This exercise asks for an exact copy of the lines from the one containing "Realistic brown and" through the final line of the material, with pictures omitted.

§ INFORMATION SHOWN:
>>>>>

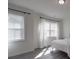 Light-filled bedroom with large windows, white curtains, and gray wood floors at 9786 Verdun Ct, Fort Mill, SC 29707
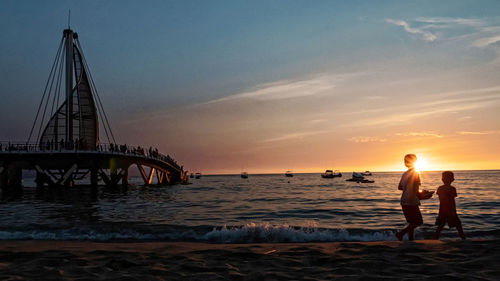 People at beach against sky during sunset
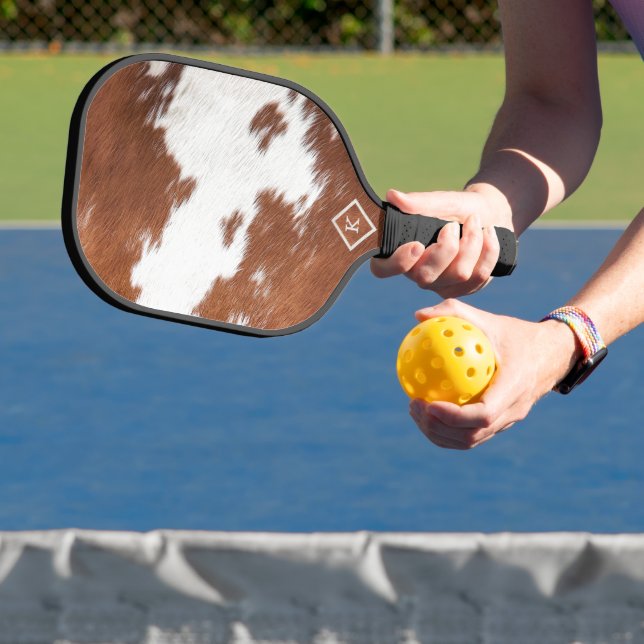 Realistic brown and white cowhide texture monogram pickleball paddle (Insitu)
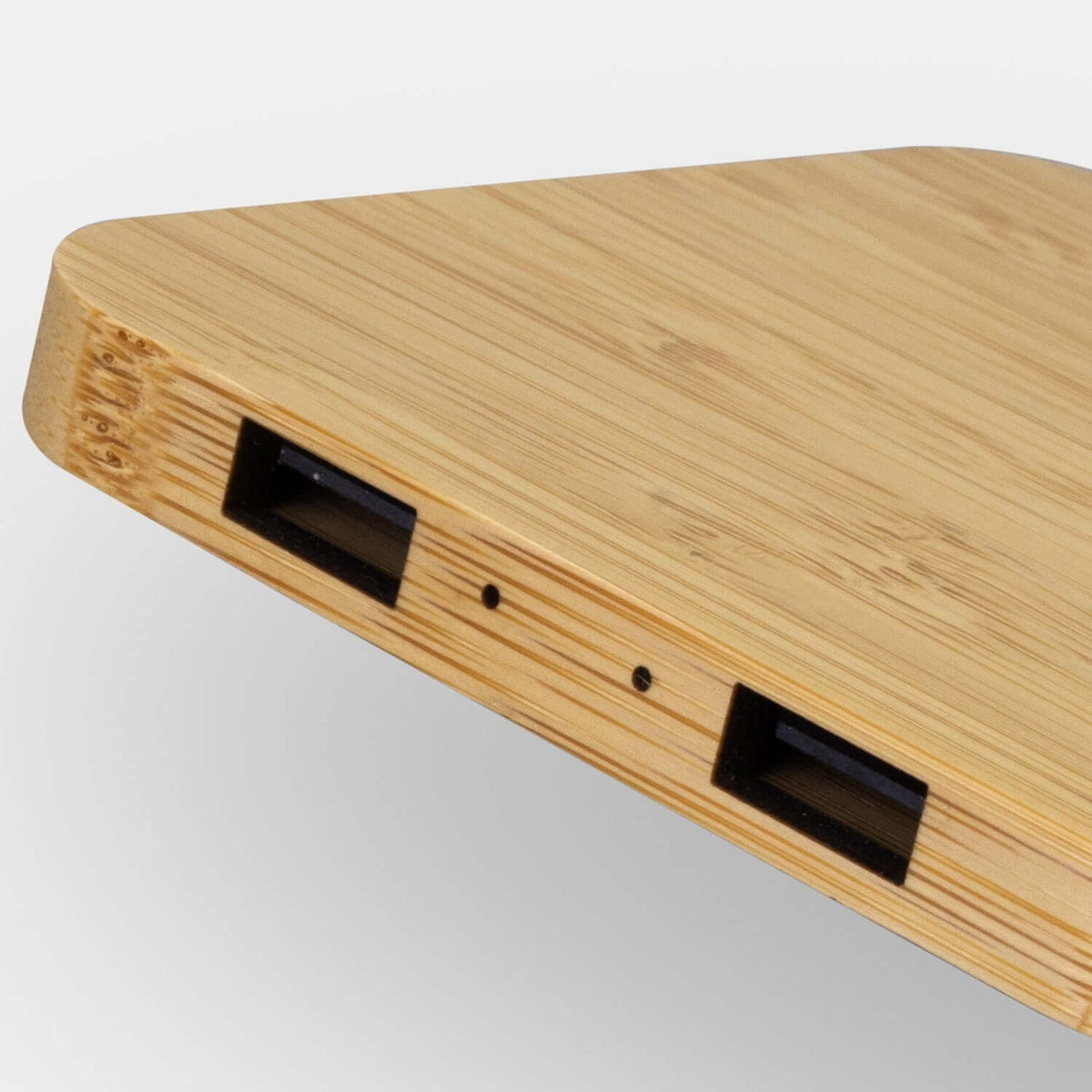 Close-up of the NATURA bamboo charging hub edge showing twin USB-A ports and two small indicator openings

<<<<<

§ RESPONSE TO THE TASK:
 Realistic brown and white cowhide texture monogram pickleball paddle (Insitu)
 Close-up of the NATURA bamboo charging hub edge showing twin USB-A ports and two small indicator openings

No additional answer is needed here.